Reputation: 1804
I am somewhat new to Python and programming in general so I apologize. By the way, thanks in advance.
I am parsing an xml document (kml specifically which is used in Google Earth) using Python 2.5, cElementTree and expat. I am trying to pull out all the text from the 'name', 'description' and 'coordinates' nodes inside each 'placemark' node for each geometry type (i.e. polylines, polygon, point), but I want to keep the geometry types separate. For example, I want only the 'name','description', and 'coordinates' text for every placemark that is part of a 'polygon' (i.e. it has a 'polygon' node). I will need to do this for 'polylines' and 'points' also. I have figured out a way to do this, but the code is long a verbose and specific to each geometry type, which leads me to my question.
Ideally, I would like to use the same code for each geometry type, but the problem is that each geometry type has a different node structure (i.e. different node names and number of nested nodes). So for proof of concept I thought this would be a good opportunity to use/learn recursion to drill down the node tree of 'placemark' node and get the information I was looking for. I have looked at the many posts on Python recursion and am still having problems with implementing the solutions provided.
The sample xml for a 'placemark' node is:
<Placemark>
<name>testPolygon</name>
<description>polygon text</description>
<styleUrl>#msn_ylw-pushpin</styleUrl>
<Polygon>
<tessellate>1</tessellate>
<outerBoundaryIs>
<LinearRing>
<coordinates>
-81.4065,31.5072,0 -81.41269,31.45992,0 -81.34490,31.459696,0
</coordinates>
</LinearRing>
</outerBoundaryIs>
</Polygon>
</Placemark>
The recursion function I am using is:
def getCoords( child, searchNode ):
# Get children of node
children = child.getchildren()
# If node has one or more child
if len( children ) >= 1 :
# Loop through all the children
for child in children:
# call to recursion function
getCoords( child, searchNode )
# If does not have children and is the 'searchNode'
elif len( children ) == 0 and child.tag == searchNode:
# Return the text inside the node.

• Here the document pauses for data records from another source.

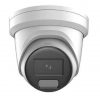 Hikvision DS-2CD2347G2H-LISU/SL(4mm)(eF) IP kamera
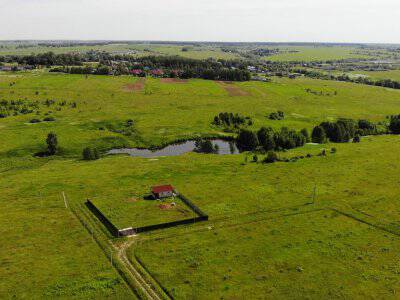 Дмитриевское Дмитриевское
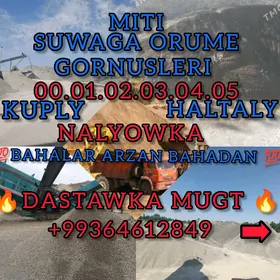 Miti kerpic sement pulpa deris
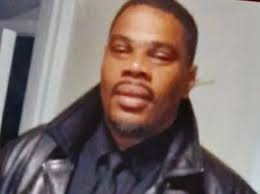 Dad, 44, dies after Covid infection just months following birth of his  ninth baby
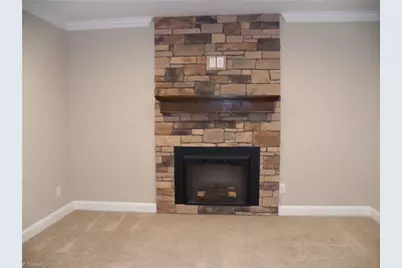 5630 Sutter Lane, Kernersville, NC 27284 - Photo 27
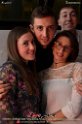 177CoffingHouse_University_E_Mediterranea_LovePhoto_27022014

This is where it is not working
# Other posts recommended returning the function like
# return getCoords(child, searchNode), but I am getting an unending loop
return child.text
# Do nothing if node doesn't have children and does not match 'searchNode'
else:
print 'node does not have children and is not what we are looking for'
I am calling the recursion function like:
searchNode = 'coordinates'
# loop through all 'Placemark nodes' in document
for mark in placemark:
# Get children of 'Placemark' node
children = mark.getchildren()
# Loop through children nodes
for child in children:
# if a 'Polygon' node is found
if child.tag == 'Polygon':
# call recursion function
getCoords( child, searchNode)
I realize, at least, part of my problem is the return value. Other posts recommended returning the function, which I interpreted to be 'return getCoords(child, searchNode), but I am getting an unending loop. Also, I realize this could be posted on the GIS site, but I think this is more of a general programming question. Any ideas?
Upvotes: 1
Views: 4793
Reputation: 10129
With recursion you want to pay attention to your base cases, and your recursive cases. Whatever your base cases happen to be, if you expect to be able to collect information from your recursion, they have to return data that your recursive cases can (and more importantly do) use. Similarly you need to make sure the data your recursive cases return can be used by each other.

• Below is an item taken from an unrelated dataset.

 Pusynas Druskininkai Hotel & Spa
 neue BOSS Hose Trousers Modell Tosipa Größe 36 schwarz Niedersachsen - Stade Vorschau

First identify your base and recursive cases.
The base cases are the "leaf" nodes, with no children. In a base case you want to just return some data, and not call the recursive function again. This is what allows you to get "back up the stack" as they say, and prevent infinite recursion.

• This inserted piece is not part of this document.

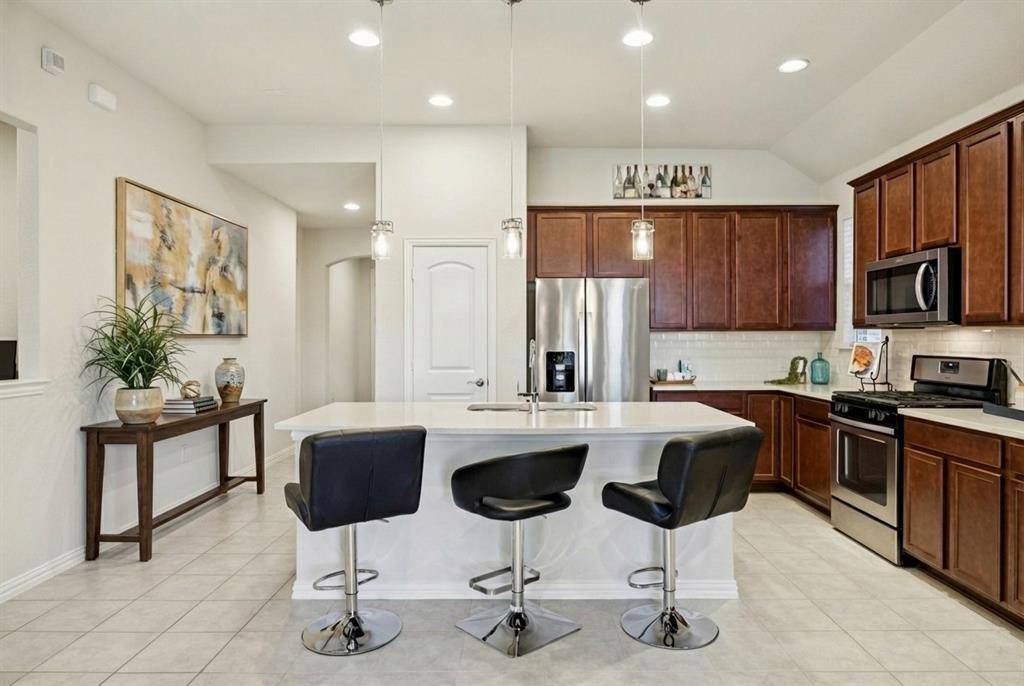 Mckinney, TX 75071,5517 Mount Joy Drive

The recursive cases will require you to save the data collected from a series of recursive calls, which is almost what you're doing in your for
loop.
I noticed that you have
# Recursive case: node has one or more child
if len( children ) >= 1 :
# Loop through all the children
for child in children:
# call to recursion function
getCoords( child, searchNode )
but what are you doing with the results of your getCoords calls?
You either want to save the results in some sort of a data structure which you can return at the end of your for loop, or if you're not interested in saving the results themselves, just print your base case 1 ( successful search ) when you reach it instead of returning it. Because now your base case 1 is just returning up the stack to an instance that isn't doing anything with the result! So try:
# If node has one or more child
if len( children ) >= 1 :
# Data structure for your results
coords = []
# Loop through all the children
for child in children:
# call to recursion function
result = getCoords( child, searchNode )
# Add your new results together
coords.extend(result)
# Give the next instance up the stack your results!
return coords
Now since your results are in a list and you're using the extend()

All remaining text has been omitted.